The switch doesn't give up its life quickly ( resistance will increase first). When you press it, if the key is already turned to start, you will be giving the switch a nice arc internally, which will start ( very quickly) to carbon up the contact area of the switch. You can just take the switch out of the circuit and connect those two wires together and see if your problem goes away. If it does, replace the switch with a button or switch with contact ratings of at least 20 amps ( leave it out). Other thing you can do is make sure switch is either on or button already pushed, before you turn the key to start. THis way you will be drawing the high load thru closed contacts which will last much longer, than thru 'switching ' contacts that arc.

rich


----------



## gtoearl (Dec 21, 2009)

Thanks to ALL you guys for the info......I can't believe the response from ALL of you for this very puzzling and frustrating issue........This last summer I was afraid to take it our anywhere, where I had to park it awhile, such as a local car show........The ones I did take it to I just held my breath while starting it.......The more I read from you guys, the more I think its likely it's that start button.......since the issue has gotten steadily worse as time has gone by since its install, a little over a year ago.......After the Holidays I'll take it out.......I also have to stall my new original style 66 shifter .....I bought the car with a t400 trany with a 67 style his and her shifter......I traded a guy on Ebay for my 67 style shifter and console top with bezel for a reconditioned 66 shifter with the conversion kit installed to accommodate my t400 , 3 gears.....and a real nice console top with original 66 bezel..Here is Gary's email.. "[email protected]" if anyone out there needs shifter or console help.....He is a real gentlemen and an honest guy....some of you may wonder if I got a good deal or not, given that the his and hers shifter is an expensive and somewhat rare item.......But I got what I wanted...so isn't that the important thing....now my 66 will look like a 66 even though I have a later trany in it......

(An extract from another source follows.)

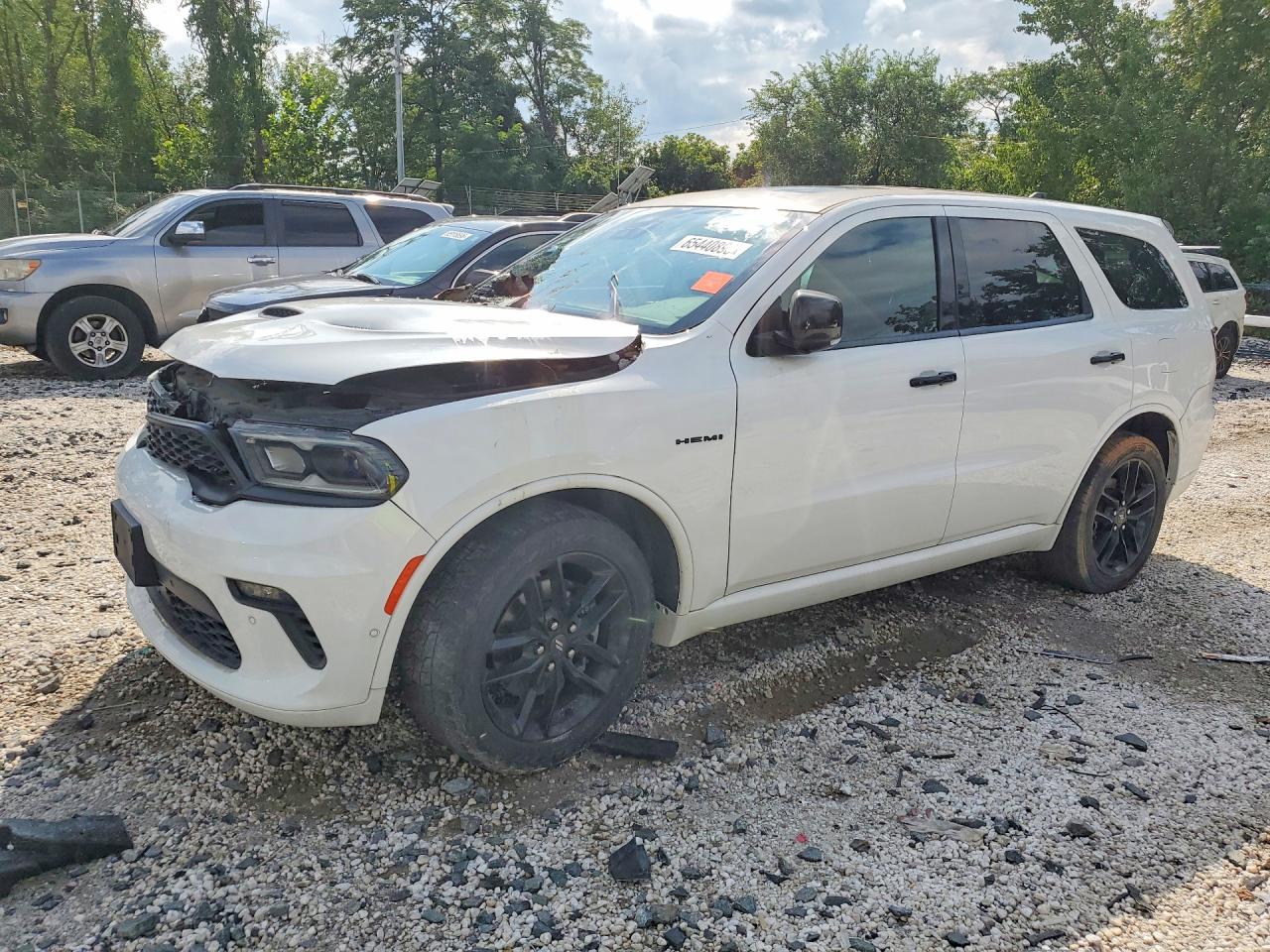 2022 DODGE DURANGO R | 1C4SDJCT2NC194349 | UPCARS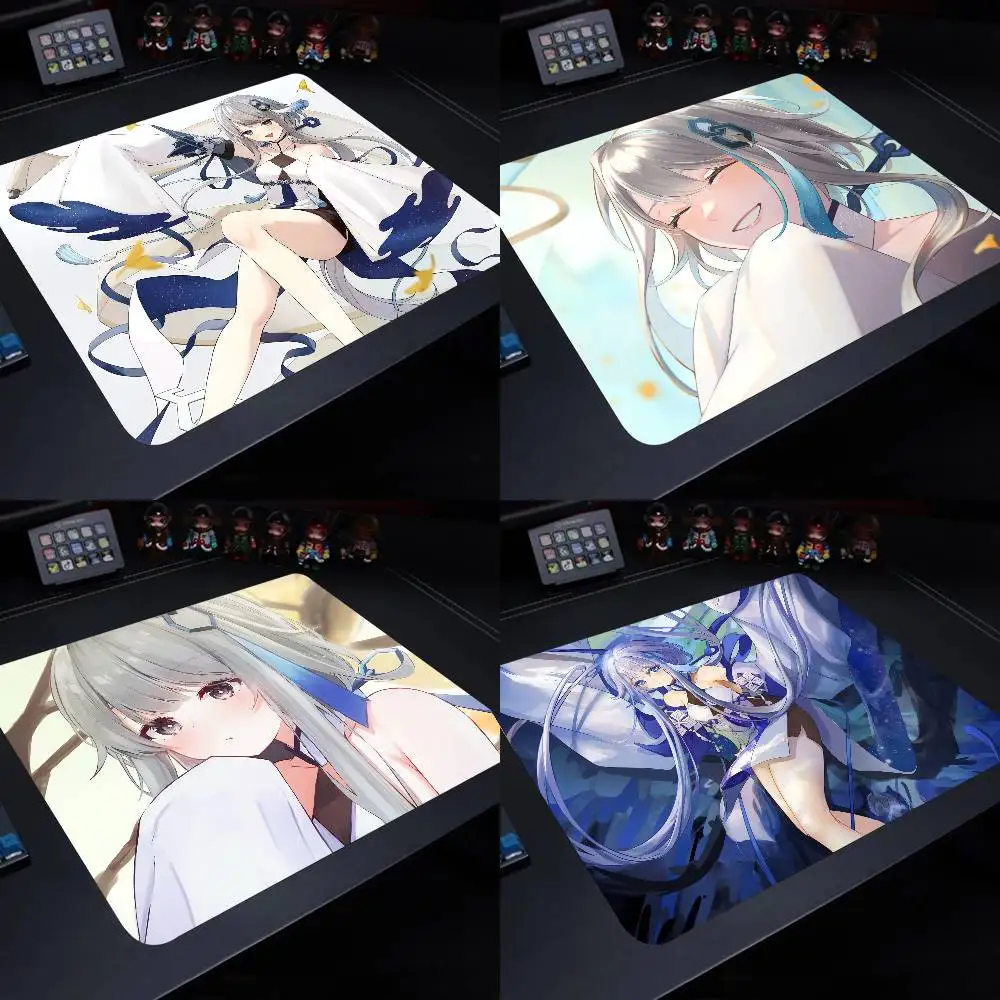 Guizhong Genshin Impact Gaming Mouse Pad XS Small Mousepad For PC Gamer Desktop Decoration Office Mouse Mat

Merry Christmas to ALL and have a safe New Year's Eve........

BY the way Rich......I spent some time up in your neighborhood...in 1971 after I was released from active duty in the Navy I lived in Manchester ...on the East side and worked in a gas station down town by the river......I still remember the Tornado or twister of some kind that came down the river and we had to close up the lube bay doors and stay inside while the thing past over...It was like it went from day to night in minutes.........and back again......real strange.....Anyway thanks for your advice.....


----------



## Rukee (Feb 8, 2007)

I prolly would have kept the his & her's.


----------



## injn37 (Nov 16, 2008)

Yeh, my money is on the 'button' too!
Been up in Merrimack for 33 years. Kinda love it up here, even with the New England weather , the 'spice of life'!

I was in the Navy back in 68 to 75. Airdale. Jezebell operator on a P-2 and P-3.
Really tough trying to push one when it broke down while on a mission.:lol:


----------



## 05GTO (Oct 6, 2004)

In addition to the other suggestions, check for a bad or out of adjustment neutral safety switch, Keep a foot on the brake and try starting the car as you slowly move the shifter from park to drive.


----------



## gtoearl (Dec 21, 2009)

I thought about that when I had the his and hers shifter in.........now that I have an original style 66 shifter with new neutral safety switch..............I'll hopefully remove that issue from the equation upon install....thanks again to ALL.......


----------



## gtoearl (Dec 21, 2009)

Hi All,

It’s been a while since I’ve been on this site……..Update….My 66 GTO went in for new paint last month and it’s taking a little longer than I would like….but hopefully worth the wait….Blue Charcoal….The starting problem was rectified by adding a remote solenoid mounted on the frame drivers side. Works great………I also talked before about taking the His and hers shifter out and installing an original 66 shifter with a shift kit to accommodate the t400 that is in it………done that too………looks good and more correct for the car……..still need to work in the kick down problem…….will get a new switch and play with the adjustment on the plate…………hope I can figure it out………that’s all for now….will load pics when the car is painted………..oh ya….I also got some new Rally 1 wheels for it……….will mount them with new red line tires when the car is painted………can hardly wait……..


----------



## geeteeohguy (Feb 2, 2008)

Thanks for the update, Earl. Was your '66 originally Blue Charcoal?? It's a really good looking color, and not often seen. Rukee and I are lucky enough to own Blue Charcoal '65 hardtops....it looks GREAT on the flowing lines of a '66!!! (and it's surprisingly contemporary, too!)


----------



## gtoearl (Dec 21, 2009)

Hi again,

Yes, sure was...the data plate indicates a color code of BB....my research tells me that Blue Charcoal was only available 65 and 66...When I removed the weatherstrip around the doors and trunk, especially, it was all Blue Charcoal underneath. The guy that's going to do the paint, when ordering the paint, he added a little more metal flake and plans on putting at least 3 coats of clear...He says the paint will really "pop" when finished ......yes, it is a rare color and I've only seen it a few times in pictures, never live.
On anther note, I was able to score, if you can believe it, a full set, that's 4 wheels, trim rings and centers, with lug nuts......from Wheels Vintiques out of Fresno, at the last Good Guys show in Pleasanton...............for........$ 370.00 shipped to my home in San Jose......I'm not joking...I couldn't get the cash out of my pocket fast enough...I had to ask the guy a few times..."are you sure?" The only thing I need now is tires for it.....In fact, Do you have any ideas or contacts for radial red line tires p225/70x15 ??? Coker Tires has them around $200 each........was hoping to find them cheaper somewhere else.........


----------



## pjp144 (Sep 1, 2016)

yes you need a very good battery at least 800 --1000 cranking amps it worked for me


----------